» **Instructions to follow**
The data should be written out in full, exactly as it stands, and the pictures dropped.

_____

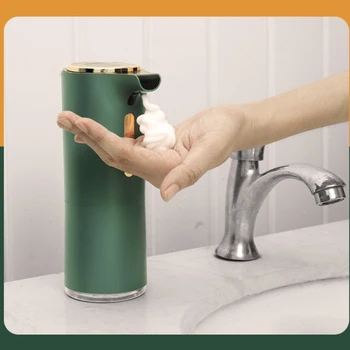 Automatický Senzor Touchless Penové Mydlá Bezkontaktné Hand Sanitizer Šampón, Sprchový Gél Kontajner Multifunkčné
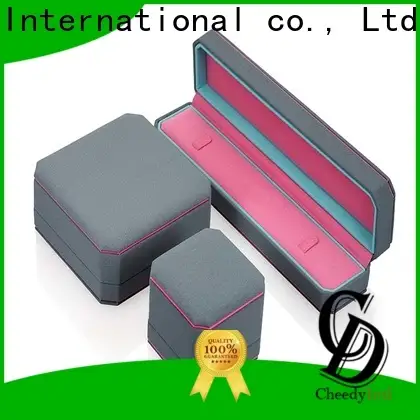 Cheedy jewelry earring gift boxes wholesale company for ring 1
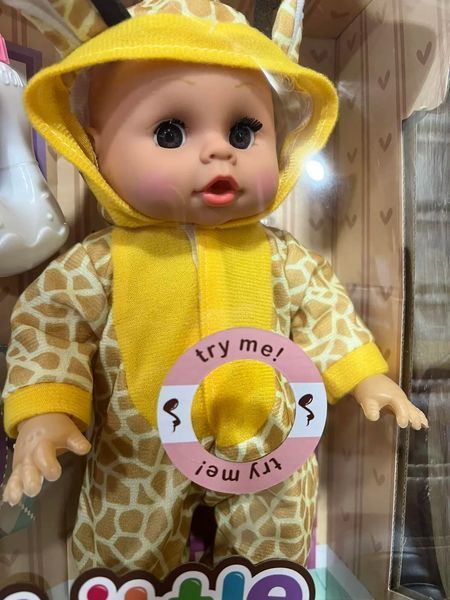 Лялька пупс, що розмовляє з пляшечкою та серветками Little Baby 00024597 фото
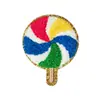 Parches bordados de caramelo de dibujos animados originales transfronterizos, parches de tela autoadhesivos para decoración de ropa infantil, reparación, bordado de toallas y accesorios de bordado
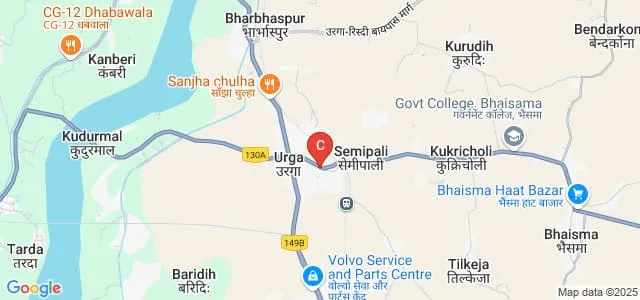 Dr Bhanwar Singh Porte College, Gharghoda Map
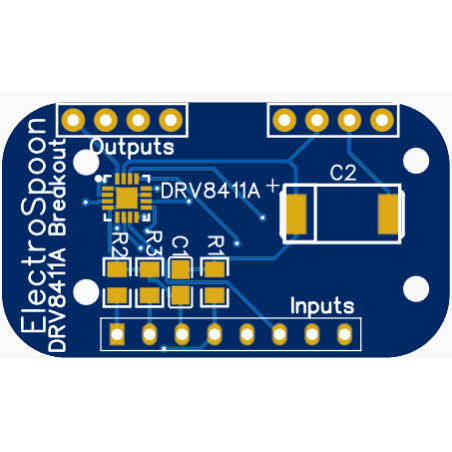 ElectroSpoon DRV8411A Dual H-Bridge (4A Peak) Breakout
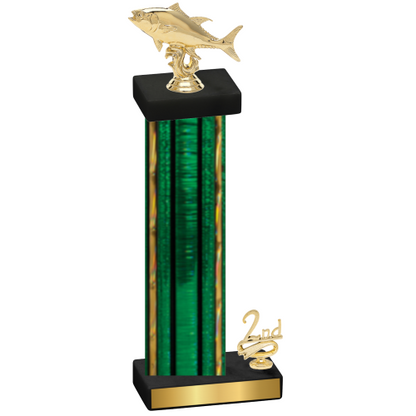 Accented Single Green Glacier Second Place Fishing Trophy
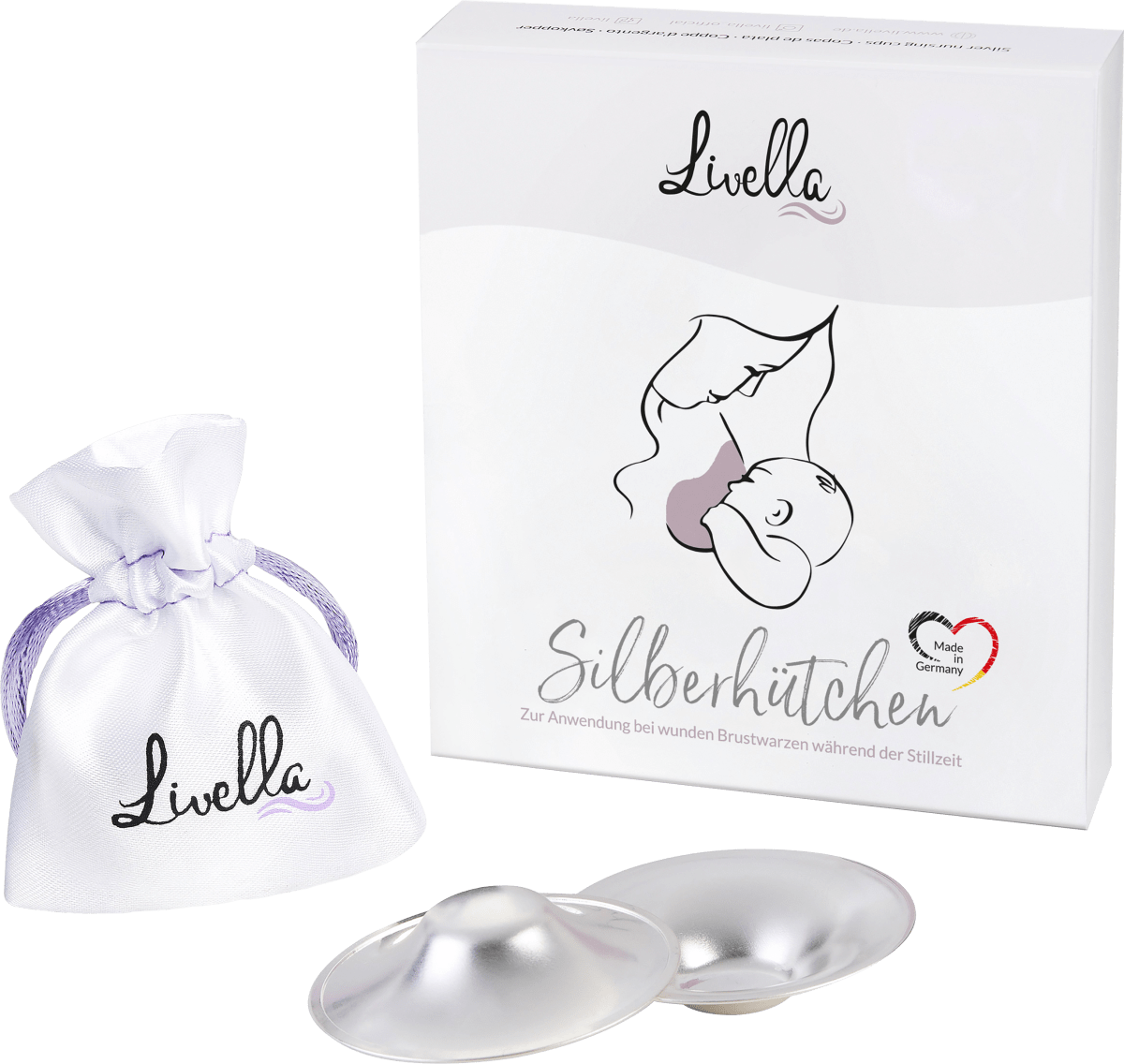 Silberhütchen, 2 St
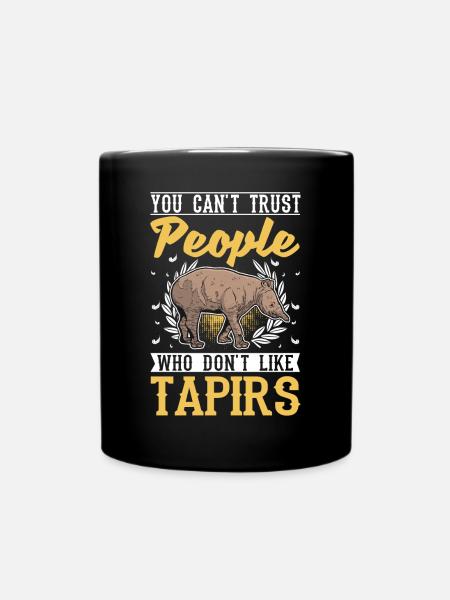 Tapir Flachlandtapir Tapirdae Tapir - Tasse einfarbig - Schwarz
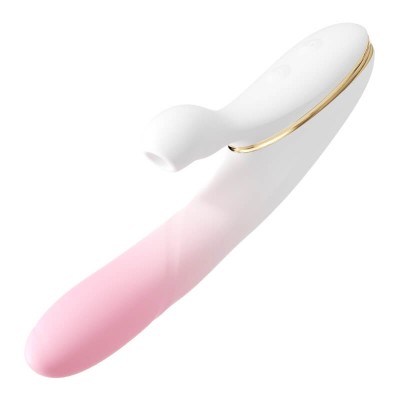 Ankni - LOVE JOY Thrust Suction Vibrator (Chargeable - White) Ankni - LOVE JOY Thrust Suction Vibrator (Chargeable - White)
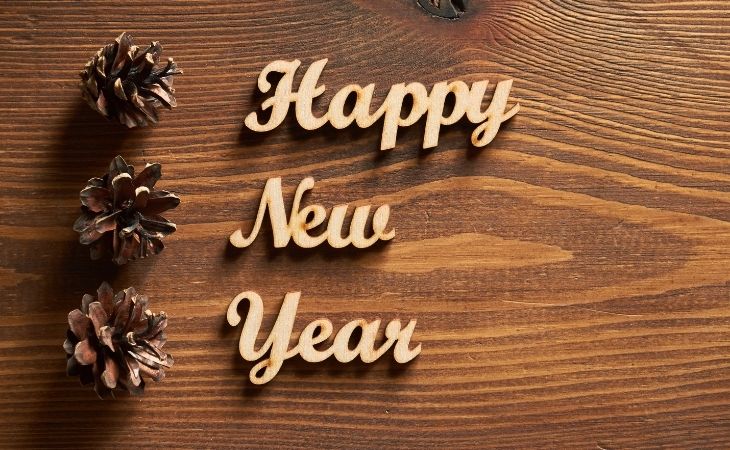 Hình minh hoạ lời chúc năm mới bằng tiếng Anh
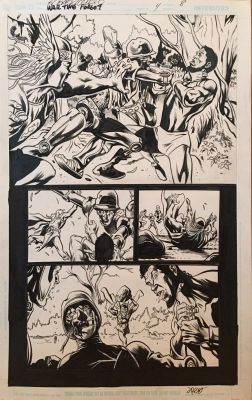 The War That Time Forgot #4, pg. 8 Al Barrionuevo & Jimmy Palmiotti – Original Art | PaperFilms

_____

» **Output of the exercise**
 Automatický Senzor Touchless Penové Mydlá Bezkontaktné Hand Sanitizer Šampón, Sprchový Gél Kontajner Multifunkčné
 Cheedy jewelry earring gift boxes wholesale company for ring 1
 Лялька пупс, що розмовляє з пляшечкою та серветками Little Baby 00024597 фото
 Parches bordados de caramelo de dibujos animados originales transfronterizos, parches de tela autoadhesivos para decoración de ropa infantil, reparación, bordado de toallas y accesorios de bordado
 Dr Bhanwar Singh Porte College, Gharghoda Map
 ElectroSpoon DRV8411A Dual H-Bridge (4A Peak) Breakout
 Accented Single Green Glacier Second Place Fishing Trophy
 Silberhütchen, 2 St
 Tapir Flachlandtapir Tapirdae Tapir - Tasse einfarbig - Schwarz
 Ankni - LOVE JOY Thrust Suction Vibrator (Chargeable - White) Ankni - LOVE JOY Thrust Suction Vibrator (Chargeable - White)
 Hình minh hoạ lời chúc năm mới bằng tiếng Anh
 The War That Time Forgot #4, pg. 8 Al Barrionuevo & Jimmy Palmiotti – Original Art | PaperFilms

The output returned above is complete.